What distinguishes each canvas from the next is not the chromesthetic system itself but the field it generates: how three colors distribute across a surface, how their voicing — close or spread, dense or airy — alters the quality of tension produced. The same chord, differently voiced, yields a different painting. This is not variation as aesthetic ornamentation. It is research in the fullest sense: a methodical traversal of harmonic space, tracking how subtle shifts in structure produce qualitatively distinct perceptual experiences.

Through the Aperture marks a continuation and deepening of Quercy's broader synesthetic practice — his ongoing effort to make visible what he calls the "invisible inner harmonics" that structure both musical experience and the life of color. These paintings do not resolve. They occasion. As the artist's own formulation has it: the painter emits; the viewer creates. This exhibition invites precisely that act of creation — a meeting between system and sensation in which perception becomes, briefly, its own form of composition.

Artist Statement

Harmony is not resolution. It is the moment before — the precise tension between forces that have not yet collapsed into agreement.

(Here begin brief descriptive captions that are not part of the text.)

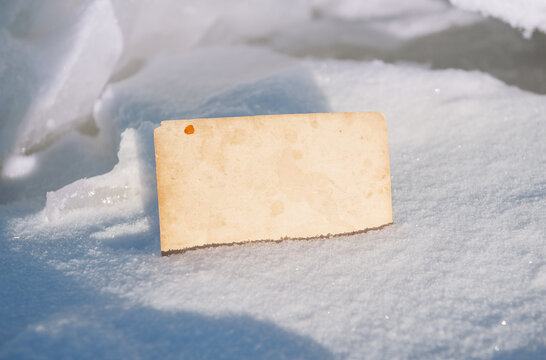 Blank vintage card offers copyspace. Snow background creates seasonal mood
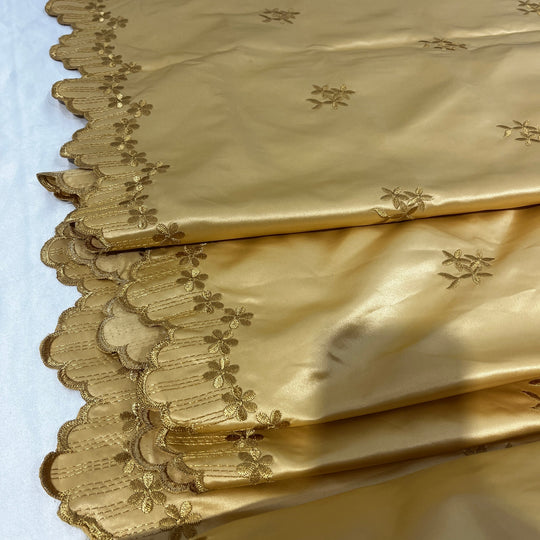 Gold satin fabric with embroidered floral motifs and a scalloped embroidered border, shown folded on a white background.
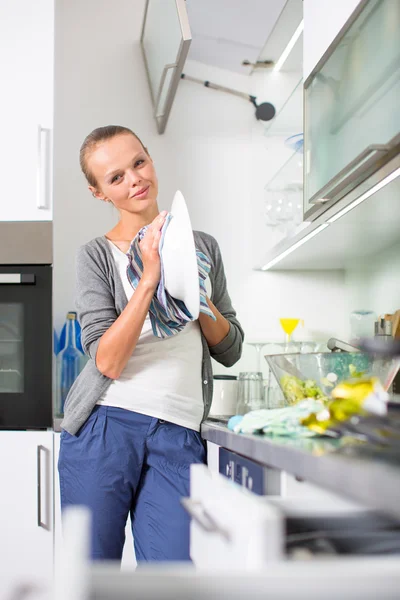 Mujer joven lavando platos en su cocina moderna —  Fotos de Stock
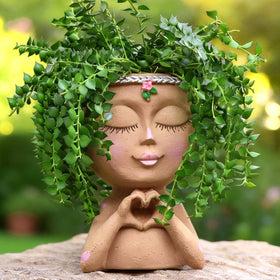 Meltset M Face Planter with Heart Hands front view adds personality to indoor decor.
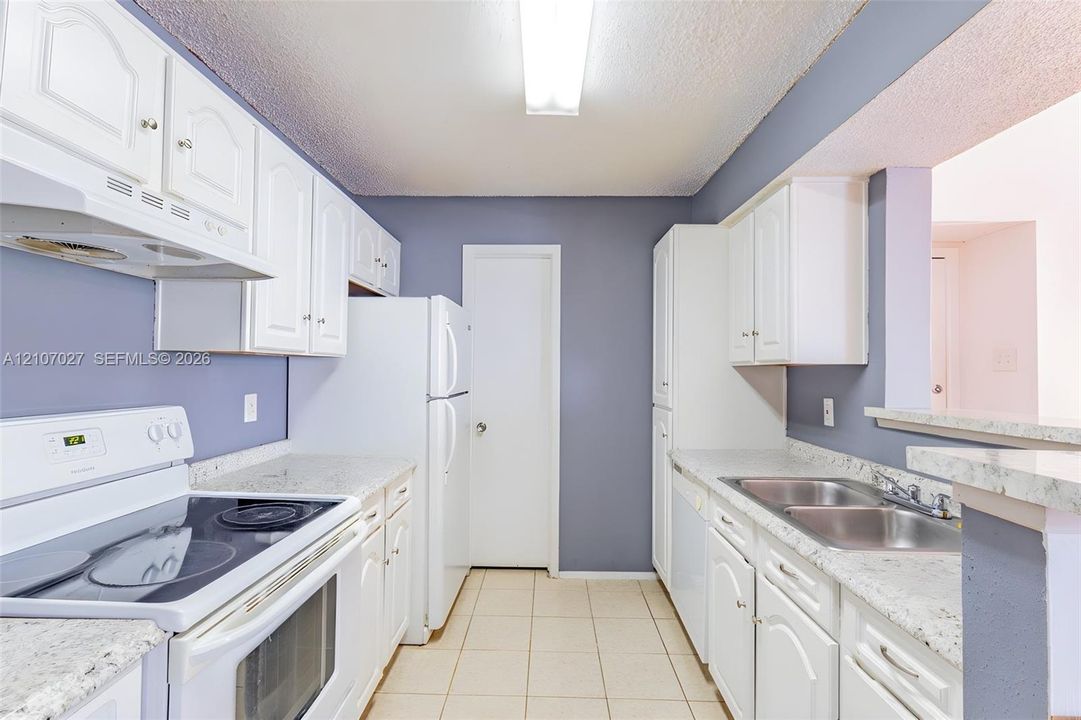 Kitchen featuring white cabinetry, light-toned stone-finish countertops, stainless steel dual-basin sink, and tile flooring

In this series, I map the harmonic space of Western tonality across its twenty-four keys. Each painting is a transposition: the notes of a chord — triad, seventh, suspended, power chord, octave — become colors, governed by a consistent chromesthetic correspondence between pitch and hue. The Bb Minor triad appears as violet, blue, and blue-green. A Major opens as yellow-orange, blue-green, and yellow. The tritone — Eb against A, the interval of maximum tension — becomes two colors held in suspension, neither resolving, neither releasing.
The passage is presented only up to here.